The following countries do not classify Modafinil as a controlled substance:
* Canada (not listed in the Controlled Drugs and Substances Act, but it is a Schedule F prescription drug[68], so it is subject to seizure by Canada Customs)
* Mexico[69]
* United Kingdom (not listed in the Misuse of Drugs Act and is available by prescription without legal restrictions)[70]
* Australia (listed as a Schedule 4 prescription drug)
* In Germany the classification has been changed from controlled substance (BtM) to prescription drug (RP) effective since March 1, 2008.
* In India, generic retailing as Modalert is available from Sun Pharmaceuticals.
Currently, use of modafinil is controversial in the sporting world, with high profile cases attracting press coverage as prominent United States athletes have tested positive for the substance. Some athletes who were found to have used modafinil protested that the drug was not on the prohibited list at the time of their offence. However, the World Anti-Doping Agency (WADA) maintains it was related to already banned substances. The agency added modafinil to the list of prohibited substances on August 3, 2004, ten days before the start of the 2004 Summer Olympics.
[edit] In popular culture
In the science-fiction film The Invasion, an alien virus attacks humans while they sleep, so people who want to stay alive need to stay awake. The character played by actress Nicole Kidman is seen rummaging in a pharmacy for a stimulant. She grabs a bottle of Modifinil with a 1-gram dosage (the common dosages for modafinil are 100 mg and 200 mg). In the Legacy of the Aldenata series of science fiction novels, the drug is referred to by the trade name Provigil and is used by military personnel in combination with a powerful stimulant to remain alert.

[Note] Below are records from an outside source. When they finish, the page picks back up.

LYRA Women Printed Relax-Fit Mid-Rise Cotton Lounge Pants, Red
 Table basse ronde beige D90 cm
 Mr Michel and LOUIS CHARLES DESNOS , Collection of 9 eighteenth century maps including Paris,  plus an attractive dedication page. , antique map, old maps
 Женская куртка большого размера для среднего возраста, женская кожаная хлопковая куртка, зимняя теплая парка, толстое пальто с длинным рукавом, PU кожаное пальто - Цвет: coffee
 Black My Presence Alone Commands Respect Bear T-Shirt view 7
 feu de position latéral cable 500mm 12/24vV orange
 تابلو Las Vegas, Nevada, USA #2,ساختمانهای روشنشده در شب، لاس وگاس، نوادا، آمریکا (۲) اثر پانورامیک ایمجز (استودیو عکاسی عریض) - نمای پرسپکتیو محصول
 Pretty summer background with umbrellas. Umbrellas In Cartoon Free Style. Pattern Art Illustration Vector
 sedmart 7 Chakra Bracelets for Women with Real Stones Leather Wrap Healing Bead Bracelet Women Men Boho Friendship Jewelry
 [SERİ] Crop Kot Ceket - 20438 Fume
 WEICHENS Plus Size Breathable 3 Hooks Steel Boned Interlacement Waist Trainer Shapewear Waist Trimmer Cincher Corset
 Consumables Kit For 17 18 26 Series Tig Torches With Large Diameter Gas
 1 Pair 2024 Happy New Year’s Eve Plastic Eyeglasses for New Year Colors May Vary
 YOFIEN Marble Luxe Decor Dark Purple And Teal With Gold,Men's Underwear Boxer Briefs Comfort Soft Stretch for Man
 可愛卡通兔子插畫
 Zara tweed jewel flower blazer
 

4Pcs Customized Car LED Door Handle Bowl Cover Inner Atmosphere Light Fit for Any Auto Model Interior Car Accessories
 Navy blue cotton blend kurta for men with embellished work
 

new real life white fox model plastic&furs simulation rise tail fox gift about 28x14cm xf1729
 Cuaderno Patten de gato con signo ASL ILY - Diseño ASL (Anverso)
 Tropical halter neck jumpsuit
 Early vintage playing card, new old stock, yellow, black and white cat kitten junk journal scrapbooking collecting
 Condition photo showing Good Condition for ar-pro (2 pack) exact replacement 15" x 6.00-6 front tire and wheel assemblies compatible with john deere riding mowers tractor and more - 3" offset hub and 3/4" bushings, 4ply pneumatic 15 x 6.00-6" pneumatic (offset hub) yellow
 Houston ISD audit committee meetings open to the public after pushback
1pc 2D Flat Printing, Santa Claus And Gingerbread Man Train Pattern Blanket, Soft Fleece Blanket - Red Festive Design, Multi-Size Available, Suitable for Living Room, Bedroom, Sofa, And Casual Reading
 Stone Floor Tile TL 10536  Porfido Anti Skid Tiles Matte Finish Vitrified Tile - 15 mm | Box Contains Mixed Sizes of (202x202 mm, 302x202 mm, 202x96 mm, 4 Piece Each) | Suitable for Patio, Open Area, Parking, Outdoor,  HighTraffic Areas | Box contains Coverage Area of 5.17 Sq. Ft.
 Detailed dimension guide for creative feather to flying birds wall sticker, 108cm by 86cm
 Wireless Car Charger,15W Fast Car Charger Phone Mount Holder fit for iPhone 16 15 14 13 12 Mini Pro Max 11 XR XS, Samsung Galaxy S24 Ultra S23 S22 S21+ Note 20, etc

In the television series CSI: Crime Scene Investigation, the season 8 episode "Cockroaches" CSI Warrick Brown, suffering from stress-related insomnia due to his divorce, is shown taking a prescription for 100-milligram Modafinil to help him stay alert at work, but a co-worker becomes concerned that he is taking the pills too often and is taking them in conjunction with a prescription for sleeping pills (which are later referred to as Zolpidem). In the television series House, the season 2 episode "Forever" ends with a scene where Dr. Foreman is testing his memory with flash cards containing dosage information for various prescription drugs. After briefly giving up in frustration, he realizes Dr. Cameron saw him and decides to continue. Upon reading the next card, he smiles in triumph: the card is turned over to reveal the drug was Modafinil. On the Law & Order: SVU episode Hothouse a 15-year old girl used Provigil to study harder and ended up killing her roommate.